The Guantanamo prison - holding individuals the US has termed "enemy combatants" from around the world since 2002 - has been widely denounced by jurists and civil liberties advocates as for its extra-legal character and reported human rights abuses in the name of "the war on terror."
US Democrat Barack Obama, who is to be sworn in as America's 44th president on Tuesday, is expected to decide to close the base.
On Monday, The Council of Europe's Human Rights Commissioner Thomas Hammarberg also urged the institution's 47 member states to accept former Guantanamo Bay prisoners.
"While the US has created the Guantanamo problem and has the primary responsibility for correcting the injustices, there are cogent arguments for European assistance in closing the centre," Mr Hammarberg said in an opinion published on the Council's website.
Human rights groups have been issuing similar statements.

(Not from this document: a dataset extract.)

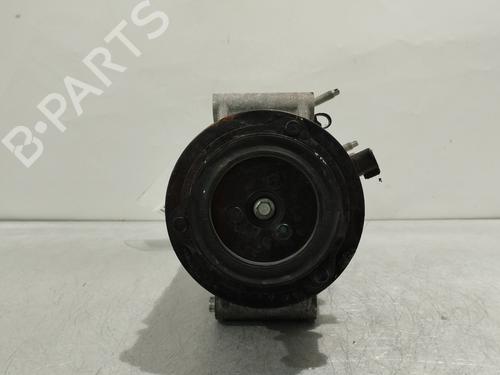 AC compressor FORD FIESTA VII (HJ, HF) 1.0 EcoBoost | BP29569024M34 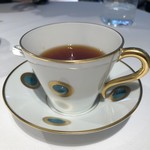 レストランひらまつ 広尾 -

"Unfortunately Guantanamo has become a problem for everyone as it has become part of the terrorists' recruiters narrative," Jennifer Daskal, senior counter-terrorism counsel for Human Rights Watch, told Reuters.
EU states divided
EU foreign ministers are to discuss the issue officially for the first time at a meeting in Brussels on 26 January, although no major breakthrough is expected.
Some member states, notably Portugal, have already spoken out in favour of the move.
French Foreign Minister Bernard Kouchner has also said he wants Paris to take in Guantanamo inmates, while the UK agrees more countries should do so – but has itself not said yet whether it would accept detainees who are not UK residents.
Germany is divided with Social Democrat foreign minister Frank-Walter Steinmeier in favour of the idea, but Conservative interior minister Wolfgang Schaeuble opposed.
On the other hand, the Netherlands, Austria, Denmark and Sweden are reluctant to step in, according to news agencies reports.
"It is not up to the Netherlands to take in former detainees," but to the country which has detained them until now, a Dutch foreign ministry spokesman was quoted as saying by Reuters.
Meanwhile, Deutsche Welle earlier this week reported Austrian Interior Minister Maria Fekter as saying: "America created Guantanamo. It has to come up with the solution."
Since its creation in 2002, Guantanamo has held more than 750 prisoners from around the world, most of whom without trial. Some 250 people are still detained there today.